Sekretaris Rektor non-aktif UP Edie Toet Hendratno Diperiksa Kasus Dugaan Pelecehan 25 Maret 2024
Polisi melayangkan surat panggilan kepada sekretaris rektor non-aktif Universitas Pancasila (UP), Edie Toet Hendratno untuk diperiksa sebagai saksi.
Penulis: Abdi Ryanda Shakti
Editor: Theresia Felisiani
TRIBUNNEWS.COM, JAKARTA - Polisi melayangkan surat panggilan kepada sekretaris rektor non-aktif Universitas Pancasila (UP), Edie Toet Hendratno untuk diperiksa sebagai saksi atas dugaan kasus pelecehan seksual.
Namun, Direktur Reserse Kriminal Khusus Polda Metro Jaya Kombes Wira Satya Triputra mengatakan saksi baru bisa memenuhi panggilan tersebu pada 25 Maret 2024 mendatang.
"Kemarin sudah dipanggil, tapi katanya tanggal 25 Maret 2024 mau datang," kata Wira kepada wartawan, Sabtu (16/3/2024).
Di sisi lain, pengusutan kasus tersebut, kata Wira, masih terus berjalan.
Saat ini, penyidik tengah menunggu pemeriksaan visum et repertum psychiatricum.
"Rektor UP masih pemeriksaan. Masih nunggu pemeriksaan psikologi aja," ucap dia.
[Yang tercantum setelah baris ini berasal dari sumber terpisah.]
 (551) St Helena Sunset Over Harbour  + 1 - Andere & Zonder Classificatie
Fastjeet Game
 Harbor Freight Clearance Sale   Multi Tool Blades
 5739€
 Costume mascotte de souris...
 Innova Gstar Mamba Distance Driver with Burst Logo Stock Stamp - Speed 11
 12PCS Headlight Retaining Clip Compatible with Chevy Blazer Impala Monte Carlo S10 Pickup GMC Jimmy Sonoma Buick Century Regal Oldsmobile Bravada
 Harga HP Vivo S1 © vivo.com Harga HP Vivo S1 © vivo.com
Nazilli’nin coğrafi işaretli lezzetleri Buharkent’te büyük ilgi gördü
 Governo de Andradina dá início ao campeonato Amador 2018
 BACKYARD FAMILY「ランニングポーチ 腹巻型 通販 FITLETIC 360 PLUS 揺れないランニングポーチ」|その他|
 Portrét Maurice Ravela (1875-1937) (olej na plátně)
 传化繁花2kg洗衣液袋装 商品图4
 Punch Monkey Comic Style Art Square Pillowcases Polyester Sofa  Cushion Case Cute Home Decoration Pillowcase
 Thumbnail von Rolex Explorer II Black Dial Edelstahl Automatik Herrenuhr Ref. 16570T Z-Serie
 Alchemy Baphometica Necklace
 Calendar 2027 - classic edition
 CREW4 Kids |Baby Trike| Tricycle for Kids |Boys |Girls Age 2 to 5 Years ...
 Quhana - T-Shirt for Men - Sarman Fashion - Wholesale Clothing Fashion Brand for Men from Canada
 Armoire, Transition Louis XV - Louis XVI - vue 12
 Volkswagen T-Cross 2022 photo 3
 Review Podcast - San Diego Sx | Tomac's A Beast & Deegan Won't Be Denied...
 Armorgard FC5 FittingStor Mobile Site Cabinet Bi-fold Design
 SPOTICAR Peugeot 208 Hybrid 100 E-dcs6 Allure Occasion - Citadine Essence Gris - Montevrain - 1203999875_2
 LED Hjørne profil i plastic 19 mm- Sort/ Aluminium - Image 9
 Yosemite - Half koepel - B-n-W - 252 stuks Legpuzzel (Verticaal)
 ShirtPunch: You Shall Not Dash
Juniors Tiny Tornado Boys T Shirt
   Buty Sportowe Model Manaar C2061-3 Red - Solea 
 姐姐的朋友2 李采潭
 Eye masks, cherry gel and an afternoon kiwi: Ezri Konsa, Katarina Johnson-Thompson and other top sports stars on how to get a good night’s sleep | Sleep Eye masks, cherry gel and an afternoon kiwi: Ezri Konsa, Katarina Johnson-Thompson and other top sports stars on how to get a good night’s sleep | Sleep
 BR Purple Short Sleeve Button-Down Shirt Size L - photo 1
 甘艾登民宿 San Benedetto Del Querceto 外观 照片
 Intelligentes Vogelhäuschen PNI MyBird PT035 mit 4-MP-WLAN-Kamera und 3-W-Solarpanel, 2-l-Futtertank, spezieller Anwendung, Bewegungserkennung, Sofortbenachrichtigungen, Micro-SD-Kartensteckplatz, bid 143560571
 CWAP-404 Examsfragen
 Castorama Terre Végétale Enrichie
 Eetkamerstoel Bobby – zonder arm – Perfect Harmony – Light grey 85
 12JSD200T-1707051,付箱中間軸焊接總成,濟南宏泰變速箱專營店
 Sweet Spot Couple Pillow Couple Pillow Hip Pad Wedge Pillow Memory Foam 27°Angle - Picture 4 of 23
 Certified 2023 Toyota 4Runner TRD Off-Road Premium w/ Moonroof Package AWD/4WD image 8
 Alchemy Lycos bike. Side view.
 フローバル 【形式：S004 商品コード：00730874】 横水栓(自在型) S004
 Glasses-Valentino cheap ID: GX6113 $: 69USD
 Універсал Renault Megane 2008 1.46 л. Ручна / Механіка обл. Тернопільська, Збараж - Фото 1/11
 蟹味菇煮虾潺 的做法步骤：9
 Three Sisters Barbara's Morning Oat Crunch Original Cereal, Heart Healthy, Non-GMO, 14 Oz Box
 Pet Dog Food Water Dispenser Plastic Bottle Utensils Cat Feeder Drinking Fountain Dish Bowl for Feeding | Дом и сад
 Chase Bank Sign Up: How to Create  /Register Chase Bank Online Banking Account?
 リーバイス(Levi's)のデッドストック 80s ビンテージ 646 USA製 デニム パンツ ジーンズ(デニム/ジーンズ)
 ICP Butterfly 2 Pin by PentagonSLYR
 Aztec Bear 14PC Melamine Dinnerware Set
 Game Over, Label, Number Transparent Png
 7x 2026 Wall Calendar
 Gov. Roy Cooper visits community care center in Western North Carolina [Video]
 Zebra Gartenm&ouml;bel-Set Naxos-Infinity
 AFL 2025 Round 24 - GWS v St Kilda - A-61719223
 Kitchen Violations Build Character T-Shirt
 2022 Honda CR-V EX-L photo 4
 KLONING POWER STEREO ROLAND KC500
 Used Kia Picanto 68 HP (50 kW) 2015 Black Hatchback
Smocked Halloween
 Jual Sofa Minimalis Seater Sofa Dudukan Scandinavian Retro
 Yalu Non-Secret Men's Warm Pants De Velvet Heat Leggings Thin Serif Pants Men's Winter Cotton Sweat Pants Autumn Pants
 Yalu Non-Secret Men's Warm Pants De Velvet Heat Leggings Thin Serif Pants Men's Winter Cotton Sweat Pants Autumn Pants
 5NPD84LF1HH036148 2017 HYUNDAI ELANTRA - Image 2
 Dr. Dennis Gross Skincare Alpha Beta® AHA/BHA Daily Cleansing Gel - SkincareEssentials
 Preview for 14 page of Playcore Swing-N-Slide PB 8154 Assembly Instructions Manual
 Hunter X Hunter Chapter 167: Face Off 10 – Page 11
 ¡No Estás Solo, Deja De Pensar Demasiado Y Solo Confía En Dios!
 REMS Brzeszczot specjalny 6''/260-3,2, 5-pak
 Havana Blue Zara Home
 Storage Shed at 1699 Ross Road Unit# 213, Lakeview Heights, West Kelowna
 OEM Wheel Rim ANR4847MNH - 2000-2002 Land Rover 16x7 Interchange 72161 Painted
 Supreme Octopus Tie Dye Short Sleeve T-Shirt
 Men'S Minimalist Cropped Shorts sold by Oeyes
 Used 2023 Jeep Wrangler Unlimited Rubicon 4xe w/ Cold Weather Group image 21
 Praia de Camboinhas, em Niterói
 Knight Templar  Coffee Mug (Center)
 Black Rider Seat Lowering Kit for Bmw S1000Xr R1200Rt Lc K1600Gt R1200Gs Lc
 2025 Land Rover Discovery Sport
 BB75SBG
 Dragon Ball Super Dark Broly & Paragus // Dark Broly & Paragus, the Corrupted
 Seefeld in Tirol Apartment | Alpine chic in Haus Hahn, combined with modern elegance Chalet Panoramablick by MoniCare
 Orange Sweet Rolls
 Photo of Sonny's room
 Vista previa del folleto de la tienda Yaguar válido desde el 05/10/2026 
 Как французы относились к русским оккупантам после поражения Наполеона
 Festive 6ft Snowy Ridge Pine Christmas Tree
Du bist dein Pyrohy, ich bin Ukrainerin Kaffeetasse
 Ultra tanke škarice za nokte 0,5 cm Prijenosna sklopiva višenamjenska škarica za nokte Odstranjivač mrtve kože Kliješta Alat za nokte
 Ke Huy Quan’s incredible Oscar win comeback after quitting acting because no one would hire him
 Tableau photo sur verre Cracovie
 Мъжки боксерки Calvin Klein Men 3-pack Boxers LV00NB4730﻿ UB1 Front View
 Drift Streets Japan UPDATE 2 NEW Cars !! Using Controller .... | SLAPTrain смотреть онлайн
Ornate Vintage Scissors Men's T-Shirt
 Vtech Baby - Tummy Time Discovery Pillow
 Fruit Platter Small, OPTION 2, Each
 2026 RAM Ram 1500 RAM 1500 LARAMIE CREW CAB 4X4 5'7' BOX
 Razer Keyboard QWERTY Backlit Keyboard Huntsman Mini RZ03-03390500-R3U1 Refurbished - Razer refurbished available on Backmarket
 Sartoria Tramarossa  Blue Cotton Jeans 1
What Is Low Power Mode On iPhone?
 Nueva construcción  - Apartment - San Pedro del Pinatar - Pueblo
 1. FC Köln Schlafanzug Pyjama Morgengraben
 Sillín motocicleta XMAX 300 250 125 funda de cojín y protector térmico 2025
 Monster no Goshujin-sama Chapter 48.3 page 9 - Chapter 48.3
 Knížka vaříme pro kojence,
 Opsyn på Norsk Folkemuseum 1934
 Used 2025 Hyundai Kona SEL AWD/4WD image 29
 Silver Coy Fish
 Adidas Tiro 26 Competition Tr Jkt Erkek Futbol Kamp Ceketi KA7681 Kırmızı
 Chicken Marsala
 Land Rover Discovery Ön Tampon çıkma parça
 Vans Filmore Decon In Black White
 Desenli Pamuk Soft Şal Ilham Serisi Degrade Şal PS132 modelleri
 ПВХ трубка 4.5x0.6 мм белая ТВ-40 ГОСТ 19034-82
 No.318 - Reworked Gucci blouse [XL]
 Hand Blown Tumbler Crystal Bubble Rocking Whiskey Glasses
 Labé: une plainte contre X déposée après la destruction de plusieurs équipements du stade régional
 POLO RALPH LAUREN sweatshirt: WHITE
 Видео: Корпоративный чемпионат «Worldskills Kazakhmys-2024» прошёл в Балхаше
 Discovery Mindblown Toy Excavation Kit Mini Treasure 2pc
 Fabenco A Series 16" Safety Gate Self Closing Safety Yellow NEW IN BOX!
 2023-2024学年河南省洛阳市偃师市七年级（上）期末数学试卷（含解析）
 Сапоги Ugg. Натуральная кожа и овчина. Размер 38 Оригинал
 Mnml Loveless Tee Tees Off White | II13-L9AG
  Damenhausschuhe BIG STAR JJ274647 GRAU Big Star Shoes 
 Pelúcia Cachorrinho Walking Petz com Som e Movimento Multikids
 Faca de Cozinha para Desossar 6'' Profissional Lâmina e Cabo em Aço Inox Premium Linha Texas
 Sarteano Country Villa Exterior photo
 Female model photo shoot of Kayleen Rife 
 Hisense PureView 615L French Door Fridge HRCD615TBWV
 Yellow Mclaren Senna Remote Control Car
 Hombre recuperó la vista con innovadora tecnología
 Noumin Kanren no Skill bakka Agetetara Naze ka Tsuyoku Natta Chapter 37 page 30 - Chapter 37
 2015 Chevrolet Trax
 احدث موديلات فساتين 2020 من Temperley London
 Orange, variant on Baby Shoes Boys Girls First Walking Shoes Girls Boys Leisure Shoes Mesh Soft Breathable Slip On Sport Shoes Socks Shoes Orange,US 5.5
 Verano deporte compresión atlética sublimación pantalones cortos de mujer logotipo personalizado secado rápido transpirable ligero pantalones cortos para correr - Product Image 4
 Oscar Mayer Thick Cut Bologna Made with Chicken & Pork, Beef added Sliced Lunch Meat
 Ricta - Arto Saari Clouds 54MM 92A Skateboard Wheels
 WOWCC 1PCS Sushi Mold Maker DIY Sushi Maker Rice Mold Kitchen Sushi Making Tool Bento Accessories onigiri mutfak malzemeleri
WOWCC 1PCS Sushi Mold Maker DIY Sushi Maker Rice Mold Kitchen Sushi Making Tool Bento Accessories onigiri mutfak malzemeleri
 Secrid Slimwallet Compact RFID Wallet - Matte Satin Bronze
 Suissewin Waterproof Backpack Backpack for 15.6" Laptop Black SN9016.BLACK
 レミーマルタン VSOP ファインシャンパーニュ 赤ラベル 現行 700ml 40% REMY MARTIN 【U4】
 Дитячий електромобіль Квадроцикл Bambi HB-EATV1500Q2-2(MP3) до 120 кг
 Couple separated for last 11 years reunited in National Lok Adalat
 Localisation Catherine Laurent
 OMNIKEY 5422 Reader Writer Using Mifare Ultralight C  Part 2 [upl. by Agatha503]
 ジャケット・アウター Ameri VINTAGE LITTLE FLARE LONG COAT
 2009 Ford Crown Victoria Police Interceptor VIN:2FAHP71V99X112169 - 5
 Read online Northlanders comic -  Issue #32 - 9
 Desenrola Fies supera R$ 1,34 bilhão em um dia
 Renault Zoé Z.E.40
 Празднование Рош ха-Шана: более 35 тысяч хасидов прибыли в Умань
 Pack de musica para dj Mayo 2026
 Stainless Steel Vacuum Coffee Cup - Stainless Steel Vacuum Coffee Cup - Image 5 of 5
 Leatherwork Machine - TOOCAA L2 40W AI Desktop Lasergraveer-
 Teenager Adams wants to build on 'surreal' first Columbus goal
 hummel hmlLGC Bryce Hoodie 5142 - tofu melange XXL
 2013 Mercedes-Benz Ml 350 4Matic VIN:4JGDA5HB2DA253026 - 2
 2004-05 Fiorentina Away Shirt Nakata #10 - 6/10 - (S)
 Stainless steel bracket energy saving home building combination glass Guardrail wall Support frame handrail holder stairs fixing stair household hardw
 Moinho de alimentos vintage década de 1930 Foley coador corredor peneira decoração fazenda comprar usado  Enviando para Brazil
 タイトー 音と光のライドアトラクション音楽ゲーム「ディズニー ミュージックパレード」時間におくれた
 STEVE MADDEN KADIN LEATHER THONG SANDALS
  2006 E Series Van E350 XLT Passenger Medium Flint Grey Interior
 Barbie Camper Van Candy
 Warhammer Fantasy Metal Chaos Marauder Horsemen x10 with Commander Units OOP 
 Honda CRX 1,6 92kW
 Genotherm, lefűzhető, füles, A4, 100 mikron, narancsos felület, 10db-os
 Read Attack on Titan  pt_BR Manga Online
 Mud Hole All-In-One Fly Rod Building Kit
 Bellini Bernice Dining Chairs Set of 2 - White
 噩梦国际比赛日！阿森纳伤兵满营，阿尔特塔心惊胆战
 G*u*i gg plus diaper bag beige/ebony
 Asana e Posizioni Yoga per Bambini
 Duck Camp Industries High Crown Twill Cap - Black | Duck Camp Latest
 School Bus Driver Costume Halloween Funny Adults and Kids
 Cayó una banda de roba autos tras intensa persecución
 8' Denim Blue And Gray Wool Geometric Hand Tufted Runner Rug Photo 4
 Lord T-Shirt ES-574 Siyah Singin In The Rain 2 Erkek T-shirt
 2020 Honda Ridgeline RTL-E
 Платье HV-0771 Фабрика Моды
Dalam kasus ini, laporan RZ ke Polda Metro Jaya dengan nomor laporan LP/B/193/I/2024/SPKT/POLDA METRO JAYA pada 12 Januari 2024 tengah diselidiki polisi.
Selain itu, laporan juga datang dari korban lainnya berinisial DF yang sudah diterima di Bareskrim Polri dengan nomor LP/B/36/I/2024/SPKT/Bareskrim Polri tertanggal 29 Januari 2024 yang kini sudah dilimpahkan ke Polda Metro Jaya.
Edie Toet sendiri sejauh ini sudah diperiksa sebanyak dua kali sebagai saksi yakni pada Kamis (29/2/2024) dan Selasa (5/4/2024) yang lalu.
Klaim Kasusnya Dipolitisasi
Sebelumnya, Rektor non aktif Universitas Pancasila Edie Toet Hendratno mengklaim bahwa dugaan pelecehan seksual yang dilaporkan kepada dirinya merupakan bentuk politisasi.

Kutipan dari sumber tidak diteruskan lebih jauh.